Goodbye, Dragon Inn film screening and panel discussion

The Public Humanities Hub is pleased to work with the Cinema Thinks the World Research Cluster at UBC and The Cinematheque to offer a limited number of free tickets to the June 2nd film screening Goodbye, Dragon Inn, directed by Tsai Ming-liang (Taiwan, 2003, 82 min), followed by a panel discussion with UBC scholars and filmmakers. Please e-mail us if you’re interested the free tickets. Free tickets are first-come first-served.

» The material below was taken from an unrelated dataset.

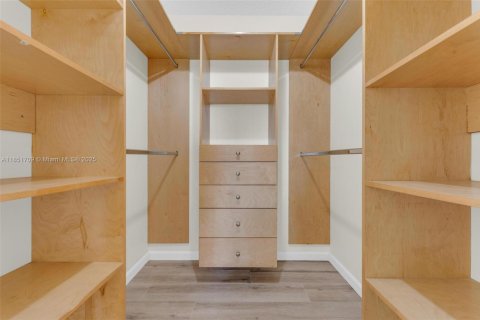 Condo in Aventura, Florida, 3 bedrooms  № 1858940 - photo 29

And join us for the next event in the series: Maliglutit.

 

Thursday, June 2, 2022
7:00 PM
The Cinematheque
1131 Howe Street, Vancouver BC V6Z 2L7

 

Taiwan-based Malaysian auteur Tsai Ming-liang reached formidable new heights with 2003’s Goodbye, Dragon Inn, his spellbinding ode to movie palaces of old and the culture disappearing in their absence. The film, considered by the director to be among his finest, depicts the twilight hours of a once-magisterial Taipei movie house, showing King Hu’s 1967 wuxia classic Dragon Inn before shuttering for good. Few are in attendance; most are appallingly behaved. A Japanese tourist cruises for casual sex in the building’s labyrinthine halls; the manager (Chen Shiang-chyi), hindered by a pronounced limp, searches in vain for the projectionist (Lee Kang-sheng) to offer him a steam bun. Tsai’s minimalist masterpiece—slight on story, immaculate in form—unfolds almost entirely without dialogue, save for the swordplay epic within it. In our present COVID moment, as cinemas reopen but streaming holds sway, Goodbyes soulful lament for a vanishing era of mass moviegoing carries particular poignancy.

Dragon Inn, King Hu’s legendary martial-arts picture, figures prominently in Goodbye, Dragon Inn. Experience both films, back to back, June 3, 4 & 6.

Eerily exquisite … A nearly wordless, perfectly made moviegoing ballad … Tsai Ming-liang, in addition to being a sterling director, is a superior magician.” Wesley Morris, Boston Globe

A movie of elegant understatement and considerable formal intelligence.” J. Hoberman, Village Voice

The June 2 screening of Goodbye, Dragon Inn is presented as part of ​Cinema Thinks the World,” a partnership project between UBC and The Cinematheque. After the film, there will be a short reception followed by a one-hour panel talk with audience discussion.

Goodbye, Dragon Inn panellists are Chelsea Birks, Igor Drljaca, Christine Evans, Helena Wu, and Mila Zuo.

Cinema Thinks the World” is sponsored by the Public Humanities Hub at the University of British Columbia. Through a series of public screenings, panel talks, and discussions, it aims to explore the ways in which global cinema represents and helps us to think about the world.